Web page caption snippets:
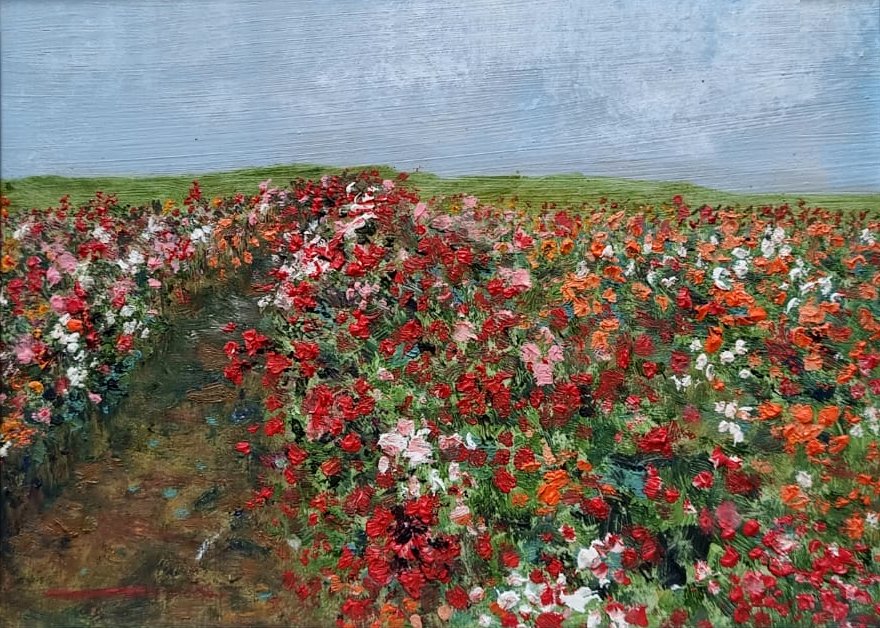 Avi Sooful - Field of roses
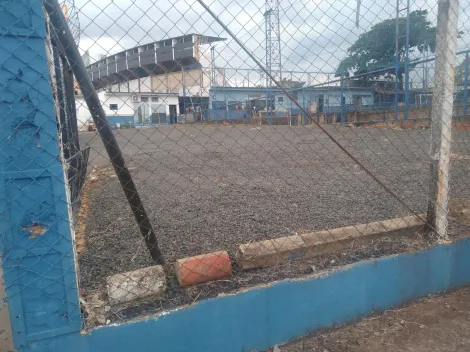 imagem 2 - Terreno Comercial, Com Área Para Escritórios, 500 m2, Jardim Palma Travassos imagem 2 - Terreno Comercial, Com Área Para Escritórios, 500 m2, Jardim Palma Travassos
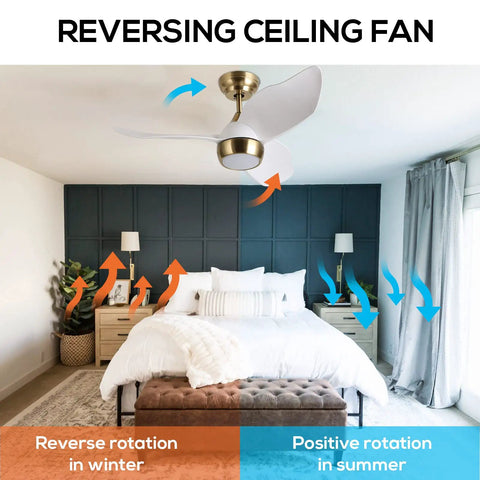 36 Inch White Gold Modern Ceiling Fan With Light And Remote, Quiet DC Motor, 6 Speed, 3 Blade Design above bedroom bed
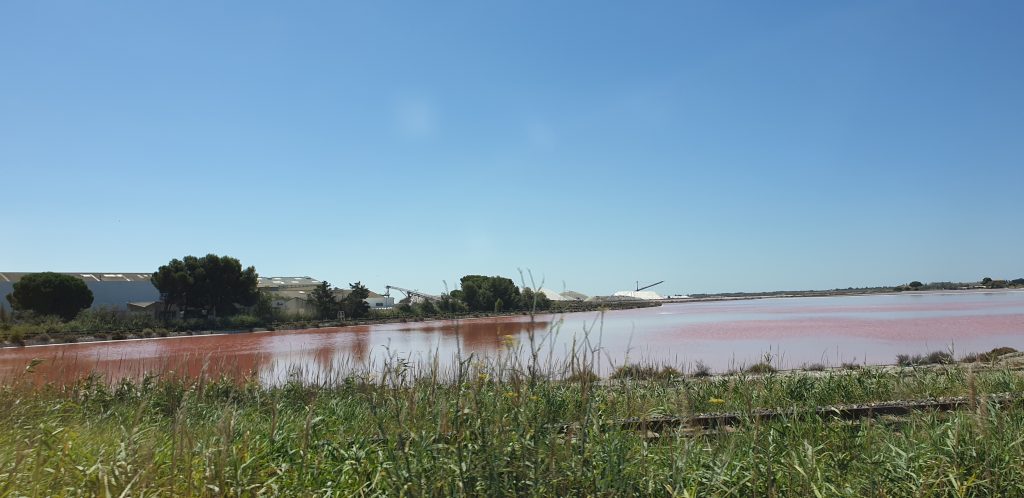 Salinen von Aigues-Mortes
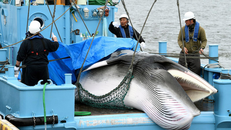 Nhật Bản cho phép đánh bắt cá voi vây vì mục đích thương mại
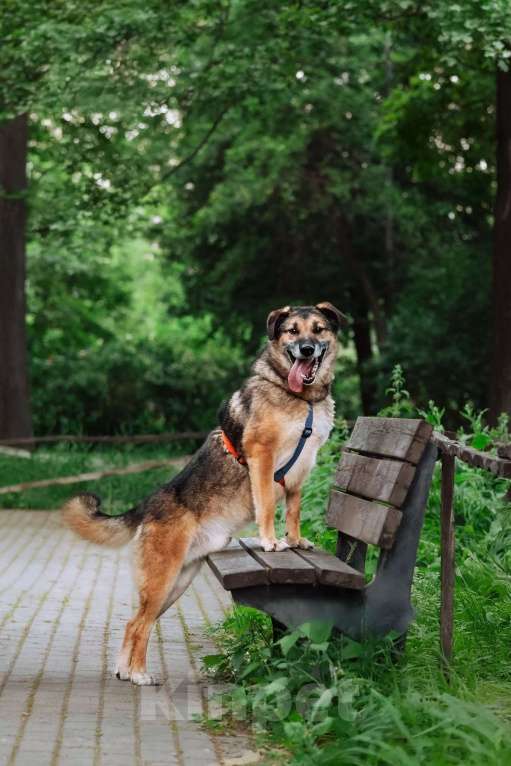 Собаки в Москве: Лучший Бро в добрые руки Мальчик, Бесплатно - фото 8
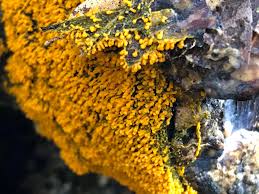 Attēlu rezultāti vaicājumam “Physarum luteolum young”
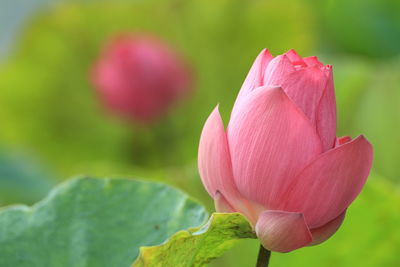 Close-up of pink lotus water lily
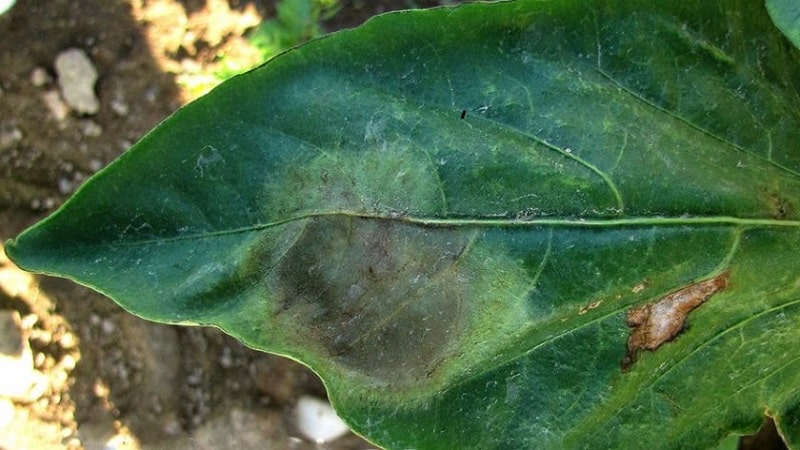 What to do when brown spots appear on peppers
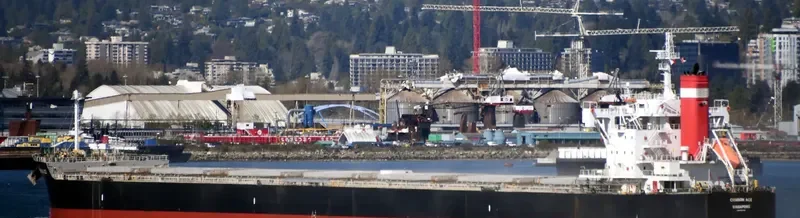 CRIMSON ACE Bulk Carrier IMO 9727429 photo 4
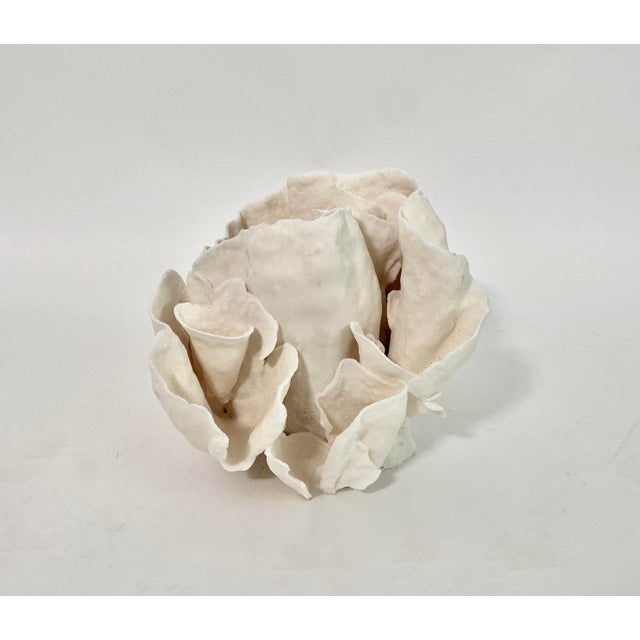 Chinoiserie Rare Natural Cups Coral Specimen For Sale - Image 3 of 8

YOUR GOAL: Give again, please, precisely the lines that begin the records and run through the line with "CRIMSON ACE Bulk Carrier IMO 9727429 photo 4" in it, keeping both end lines and dropping any pictures.

ANSWER SPACE:
 Avi Sooful - Field of roses
 imagem 2 - Terreno Comercial, Com Área Para Escritórios, 500 m2, Jardim Palma Travassos imagem 2 - Terreno Comercial, Com Área Para Escritórios, 500 m2, Jardim Palma Travassos
 36 Inch White Gold Modern Ceiling Fan With Light And Remote, Quiet DC Motor, 6 Speed, 3 Blade Design above bedroom bed
 Salinen von Aigues-Mortes
 Nhật Bản cho phép đánh bắt cá voi vây vì mục đích thương mại
 Собаки в Москве: Лучший Бро в добрые руки Мальчик, Бесплатно - фото 8
 Attēlu rezultāti vaicājumam “Physarum luteolum young”
 Close-up of pink lotus water lily
 What to do when brown spots appear on peppers
 CRIMSON ACE Bulk Carrier IMO 9727429 photo 4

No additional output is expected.